■ Your task ■
Your answer should be every line with the word "Stainless", copied from the data below.

■ Supplied entries ■
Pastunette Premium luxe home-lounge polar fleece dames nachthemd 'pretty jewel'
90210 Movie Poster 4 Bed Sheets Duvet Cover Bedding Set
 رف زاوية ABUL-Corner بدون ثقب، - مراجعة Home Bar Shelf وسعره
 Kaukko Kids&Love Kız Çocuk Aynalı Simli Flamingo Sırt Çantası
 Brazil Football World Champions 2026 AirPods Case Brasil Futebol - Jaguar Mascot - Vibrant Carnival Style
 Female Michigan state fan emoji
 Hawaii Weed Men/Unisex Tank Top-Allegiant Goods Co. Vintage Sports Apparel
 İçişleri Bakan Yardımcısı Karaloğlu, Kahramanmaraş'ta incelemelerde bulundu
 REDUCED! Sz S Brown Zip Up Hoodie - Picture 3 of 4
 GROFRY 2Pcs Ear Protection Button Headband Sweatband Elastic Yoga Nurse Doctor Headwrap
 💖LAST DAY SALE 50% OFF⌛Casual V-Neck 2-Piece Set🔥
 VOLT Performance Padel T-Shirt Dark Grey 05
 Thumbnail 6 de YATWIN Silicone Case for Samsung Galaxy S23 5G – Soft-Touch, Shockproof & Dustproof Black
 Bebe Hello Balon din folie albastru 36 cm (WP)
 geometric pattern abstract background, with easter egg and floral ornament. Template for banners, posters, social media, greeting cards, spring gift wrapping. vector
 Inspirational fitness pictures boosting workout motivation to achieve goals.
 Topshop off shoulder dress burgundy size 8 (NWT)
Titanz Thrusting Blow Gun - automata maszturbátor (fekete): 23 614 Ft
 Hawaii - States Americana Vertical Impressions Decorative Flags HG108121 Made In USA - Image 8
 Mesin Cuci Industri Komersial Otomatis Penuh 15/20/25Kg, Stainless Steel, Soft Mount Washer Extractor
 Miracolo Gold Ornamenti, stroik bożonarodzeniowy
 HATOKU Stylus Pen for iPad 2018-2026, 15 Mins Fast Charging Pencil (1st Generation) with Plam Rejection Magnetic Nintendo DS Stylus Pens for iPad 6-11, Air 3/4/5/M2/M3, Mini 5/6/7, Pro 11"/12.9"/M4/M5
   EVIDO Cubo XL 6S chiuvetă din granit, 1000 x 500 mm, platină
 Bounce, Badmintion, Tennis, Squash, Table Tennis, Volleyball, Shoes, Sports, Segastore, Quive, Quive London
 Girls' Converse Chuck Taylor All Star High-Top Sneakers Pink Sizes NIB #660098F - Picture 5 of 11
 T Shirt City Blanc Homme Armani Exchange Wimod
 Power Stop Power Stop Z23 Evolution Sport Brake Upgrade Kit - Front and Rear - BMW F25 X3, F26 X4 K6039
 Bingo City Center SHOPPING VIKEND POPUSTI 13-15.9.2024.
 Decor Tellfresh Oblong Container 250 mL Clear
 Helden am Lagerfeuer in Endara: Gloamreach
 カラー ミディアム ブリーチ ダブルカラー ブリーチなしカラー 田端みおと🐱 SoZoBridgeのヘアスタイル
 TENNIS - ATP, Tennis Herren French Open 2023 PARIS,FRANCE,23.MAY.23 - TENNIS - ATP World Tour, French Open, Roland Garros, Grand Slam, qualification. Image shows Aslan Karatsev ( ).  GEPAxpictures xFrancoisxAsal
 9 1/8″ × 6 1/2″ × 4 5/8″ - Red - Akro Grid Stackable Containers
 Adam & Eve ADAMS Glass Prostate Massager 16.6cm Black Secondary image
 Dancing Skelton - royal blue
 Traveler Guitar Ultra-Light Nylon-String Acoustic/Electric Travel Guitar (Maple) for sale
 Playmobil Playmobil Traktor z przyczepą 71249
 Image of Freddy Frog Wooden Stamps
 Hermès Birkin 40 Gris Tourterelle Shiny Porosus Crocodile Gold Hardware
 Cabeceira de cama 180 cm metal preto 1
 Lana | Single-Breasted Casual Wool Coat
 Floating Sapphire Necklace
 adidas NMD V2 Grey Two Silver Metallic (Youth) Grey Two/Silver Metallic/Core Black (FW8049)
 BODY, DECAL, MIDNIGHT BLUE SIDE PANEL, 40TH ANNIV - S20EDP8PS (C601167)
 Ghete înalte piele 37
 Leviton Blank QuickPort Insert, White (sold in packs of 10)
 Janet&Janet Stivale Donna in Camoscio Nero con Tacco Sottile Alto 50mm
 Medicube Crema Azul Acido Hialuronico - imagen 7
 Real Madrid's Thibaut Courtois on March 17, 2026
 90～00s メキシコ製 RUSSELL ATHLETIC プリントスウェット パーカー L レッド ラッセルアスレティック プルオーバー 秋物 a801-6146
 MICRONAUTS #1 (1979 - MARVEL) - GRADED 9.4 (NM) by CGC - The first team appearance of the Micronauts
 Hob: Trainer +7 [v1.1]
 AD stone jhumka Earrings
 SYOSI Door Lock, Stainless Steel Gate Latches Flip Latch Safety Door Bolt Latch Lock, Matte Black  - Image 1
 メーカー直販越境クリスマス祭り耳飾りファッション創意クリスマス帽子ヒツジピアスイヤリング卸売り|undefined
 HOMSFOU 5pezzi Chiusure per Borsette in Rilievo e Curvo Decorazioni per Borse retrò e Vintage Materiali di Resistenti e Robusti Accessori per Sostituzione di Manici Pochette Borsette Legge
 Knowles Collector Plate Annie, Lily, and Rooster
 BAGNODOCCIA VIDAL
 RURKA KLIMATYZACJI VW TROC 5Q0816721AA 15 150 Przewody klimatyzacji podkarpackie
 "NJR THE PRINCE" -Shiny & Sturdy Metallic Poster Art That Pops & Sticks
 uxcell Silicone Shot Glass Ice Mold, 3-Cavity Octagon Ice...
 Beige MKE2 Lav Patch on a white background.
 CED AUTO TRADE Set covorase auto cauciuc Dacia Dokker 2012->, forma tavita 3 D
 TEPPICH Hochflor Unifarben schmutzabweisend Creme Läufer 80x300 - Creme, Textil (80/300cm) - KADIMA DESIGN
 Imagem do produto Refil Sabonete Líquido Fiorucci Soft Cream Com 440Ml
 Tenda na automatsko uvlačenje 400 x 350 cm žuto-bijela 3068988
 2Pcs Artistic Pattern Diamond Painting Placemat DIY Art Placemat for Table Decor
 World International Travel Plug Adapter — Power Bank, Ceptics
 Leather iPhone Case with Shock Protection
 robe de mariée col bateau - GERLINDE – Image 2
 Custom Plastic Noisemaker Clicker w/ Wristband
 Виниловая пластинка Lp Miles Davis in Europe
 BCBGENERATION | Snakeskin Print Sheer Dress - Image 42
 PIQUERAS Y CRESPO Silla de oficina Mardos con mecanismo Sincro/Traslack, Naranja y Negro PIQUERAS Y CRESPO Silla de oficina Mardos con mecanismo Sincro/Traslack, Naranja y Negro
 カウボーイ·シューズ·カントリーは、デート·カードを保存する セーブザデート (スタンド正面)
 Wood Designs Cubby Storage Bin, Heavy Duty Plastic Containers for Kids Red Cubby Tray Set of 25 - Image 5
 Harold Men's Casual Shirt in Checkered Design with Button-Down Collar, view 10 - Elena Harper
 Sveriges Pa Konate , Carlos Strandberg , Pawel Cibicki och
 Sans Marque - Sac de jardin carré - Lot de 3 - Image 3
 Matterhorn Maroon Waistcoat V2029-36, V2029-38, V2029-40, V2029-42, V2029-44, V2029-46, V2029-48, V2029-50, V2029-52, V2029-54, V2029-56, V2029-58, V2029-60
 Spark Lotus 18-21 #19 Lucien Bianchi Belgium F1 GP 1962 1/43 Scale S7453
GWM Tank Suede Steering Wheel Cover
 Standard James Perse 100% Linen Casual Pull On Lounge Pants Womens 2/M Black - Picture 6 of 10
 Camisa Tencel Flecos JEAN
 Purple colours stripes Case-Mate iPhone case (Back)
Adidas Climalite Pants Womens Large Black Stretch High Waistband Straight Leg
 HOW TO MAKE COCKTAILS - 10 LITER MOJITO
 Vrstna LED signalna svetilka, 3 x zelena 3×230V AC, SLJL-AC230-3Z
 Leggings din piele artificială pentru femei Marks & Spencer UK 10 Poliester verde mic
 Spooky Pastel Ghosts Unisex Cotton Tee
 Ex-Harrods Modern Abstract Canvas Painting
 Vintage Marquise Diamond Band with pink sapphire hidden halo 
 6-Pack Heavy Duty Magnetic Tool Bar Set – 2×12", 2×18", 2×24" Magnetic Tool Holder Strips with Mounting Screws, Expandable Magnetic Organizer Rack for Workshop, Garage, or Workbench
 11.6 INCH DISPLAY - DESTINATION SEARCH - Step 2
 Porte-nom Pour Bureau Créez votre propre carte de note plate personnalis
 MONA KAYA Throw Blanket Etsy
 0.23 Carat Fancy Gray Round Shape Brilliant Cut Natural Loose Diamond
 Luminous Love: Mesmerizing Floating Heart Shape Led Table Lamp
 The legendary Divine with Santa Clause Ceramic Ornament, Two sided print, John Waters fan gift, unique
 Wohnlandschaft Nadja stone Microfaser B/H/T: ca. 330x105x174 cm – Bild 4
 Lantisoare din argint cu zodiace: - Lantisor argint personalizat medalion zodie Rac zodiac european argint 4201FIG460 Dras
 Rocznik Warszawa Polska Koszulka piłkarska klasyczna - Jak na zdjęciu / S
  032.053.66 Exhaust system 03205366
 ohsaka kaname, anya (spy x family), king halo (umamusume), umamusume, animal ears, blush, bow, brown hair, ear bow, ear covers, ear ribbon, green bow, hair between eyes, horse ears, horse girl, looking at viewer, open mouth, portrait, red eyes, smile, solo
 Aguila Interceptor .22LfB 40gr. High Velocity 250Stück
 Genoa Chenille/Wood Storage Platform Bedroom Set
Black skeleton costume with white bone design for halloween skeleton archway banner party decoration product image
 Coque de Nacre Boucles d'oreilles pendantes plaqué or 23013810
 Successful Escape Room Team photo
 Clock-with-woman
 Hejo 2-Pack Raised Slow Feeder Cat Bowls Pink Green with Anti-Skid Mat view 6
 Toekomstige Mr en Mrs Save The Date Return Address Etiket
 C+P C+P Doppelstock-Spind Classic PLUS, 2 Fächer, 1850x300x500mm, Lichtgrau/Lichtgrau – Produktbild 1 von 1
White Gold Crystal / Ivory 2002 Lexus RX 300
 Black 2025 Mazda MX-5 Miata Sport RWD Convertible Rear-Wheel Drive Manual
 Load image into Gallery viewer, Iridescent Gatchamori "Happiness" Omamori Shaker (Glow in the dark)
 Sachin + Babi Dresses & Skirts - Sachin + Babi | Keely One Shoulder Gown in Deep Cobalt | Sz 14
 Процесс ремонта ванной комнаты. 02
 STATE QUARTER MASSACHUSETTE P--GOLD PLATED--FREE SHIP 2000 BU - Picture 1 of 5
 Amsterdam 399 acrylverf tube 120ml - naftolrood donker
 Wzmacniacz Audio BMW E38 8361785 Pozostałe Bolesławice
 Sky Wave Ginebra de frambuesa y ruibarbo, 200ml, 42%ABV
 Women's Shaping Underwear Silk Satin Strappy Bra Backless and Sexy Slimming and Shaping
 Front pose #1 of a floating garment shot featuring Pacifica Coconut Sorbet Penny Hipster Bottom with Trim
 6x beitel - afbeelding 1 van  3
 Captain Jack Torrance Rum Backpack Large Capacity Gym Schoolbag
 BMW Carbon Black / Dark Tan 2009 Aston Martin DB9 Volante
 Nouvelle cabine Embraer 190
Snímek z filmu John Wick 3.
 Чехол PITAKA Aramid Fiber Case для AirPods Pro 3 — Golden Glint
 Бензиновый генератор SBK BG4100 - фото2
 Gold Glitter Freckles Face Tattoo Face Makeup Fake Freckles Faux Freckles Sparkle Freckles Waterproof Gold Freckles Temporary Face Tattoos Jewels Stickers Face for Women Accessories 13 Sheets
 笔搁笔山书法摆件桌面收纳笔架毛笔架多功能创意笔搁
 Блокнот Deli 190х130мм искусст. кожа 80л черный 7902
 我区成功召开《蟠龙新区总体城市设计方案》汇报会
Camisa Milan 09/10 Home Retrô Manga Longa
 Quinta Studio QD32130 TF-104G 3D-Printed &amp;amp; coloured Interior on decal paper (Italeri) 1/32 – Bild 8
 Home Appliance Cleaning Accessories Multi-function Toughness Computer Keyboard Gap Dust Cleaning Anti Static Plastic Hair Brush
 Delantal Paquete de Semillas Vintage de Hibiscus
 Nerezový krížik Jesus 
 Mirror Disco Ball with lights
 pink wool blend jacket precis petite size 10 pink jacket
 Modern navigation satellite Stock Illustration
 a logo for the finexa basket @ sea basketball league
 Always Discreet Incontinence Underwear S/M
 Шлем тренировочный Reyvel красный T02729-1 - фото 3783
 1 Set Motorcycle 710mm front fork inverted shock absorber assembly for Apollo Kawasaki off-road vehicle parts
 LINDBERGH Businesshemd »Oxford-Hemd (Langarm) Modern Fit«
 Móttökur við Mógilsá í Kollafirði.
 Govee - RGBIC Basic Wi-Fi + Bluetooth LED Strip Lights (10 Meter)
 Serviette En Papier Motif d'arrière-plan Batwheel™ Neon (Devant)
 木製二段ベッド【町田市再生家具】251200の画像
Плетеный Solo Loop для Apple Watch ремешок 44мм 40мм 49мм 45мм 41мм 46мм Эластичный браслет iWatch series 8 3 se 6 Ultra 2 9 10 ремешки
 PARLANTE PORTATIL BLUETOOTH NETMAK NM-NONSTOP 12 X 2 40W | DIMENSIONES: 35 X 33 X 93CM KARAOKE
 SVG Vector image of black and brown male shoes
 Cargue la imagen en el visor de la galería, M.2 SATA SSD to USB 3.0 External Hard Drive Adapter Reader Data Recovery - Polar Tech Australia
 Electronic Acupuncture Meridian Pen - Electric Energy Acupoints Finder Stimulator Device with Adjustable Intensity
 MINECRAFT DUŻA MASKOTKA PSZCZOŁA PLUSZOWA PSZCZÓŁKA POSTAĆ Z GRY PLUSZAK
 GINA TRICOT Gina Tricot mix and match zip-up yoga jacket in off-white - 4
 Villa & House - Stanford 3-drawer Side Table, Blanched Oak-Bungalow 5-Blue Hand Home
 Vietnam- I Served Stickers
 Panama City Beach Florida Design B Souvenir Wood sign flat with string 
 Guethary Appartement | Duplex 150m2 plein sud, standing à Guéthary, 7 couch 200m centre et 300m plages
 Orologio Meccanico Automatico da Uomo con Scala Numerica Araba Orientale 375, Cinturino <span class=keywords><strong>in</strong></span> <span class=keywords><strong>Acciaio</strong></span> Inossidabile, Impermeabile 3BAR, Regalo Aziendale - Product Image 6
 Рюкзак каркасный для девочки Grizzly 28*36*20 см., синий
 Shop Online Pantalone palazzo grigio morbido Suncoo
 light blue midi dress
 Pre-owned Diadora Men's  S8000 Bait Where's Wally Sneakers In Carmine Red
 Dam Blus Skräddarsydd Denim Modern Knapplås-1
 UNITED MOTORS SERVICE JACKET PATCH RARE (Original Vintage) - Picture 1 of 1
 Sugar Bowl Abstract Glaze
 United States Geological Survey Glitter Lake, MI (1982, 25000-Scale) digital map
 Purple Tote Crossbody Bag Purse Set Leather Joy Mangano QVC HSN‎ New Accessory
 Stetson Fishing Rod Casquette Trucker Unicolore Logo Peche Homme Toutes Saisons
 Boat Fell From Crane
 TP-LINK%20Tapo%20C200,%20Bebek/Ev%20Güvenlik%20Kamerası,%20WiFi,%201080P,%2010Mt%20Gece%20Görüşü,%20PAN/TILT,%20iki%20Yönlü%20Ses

■ Exercise result ■
 Mesin Cuci Industri Komersial Otomatis Penuh 15/20/25Kg, Stainless Steel, Soft Mount Washer Extractor
 SYOSI Door Lock, Stainless Steel Gate Latches Flip Latch Safety Door Bolt Latch Lock, Matte Black  - Image 1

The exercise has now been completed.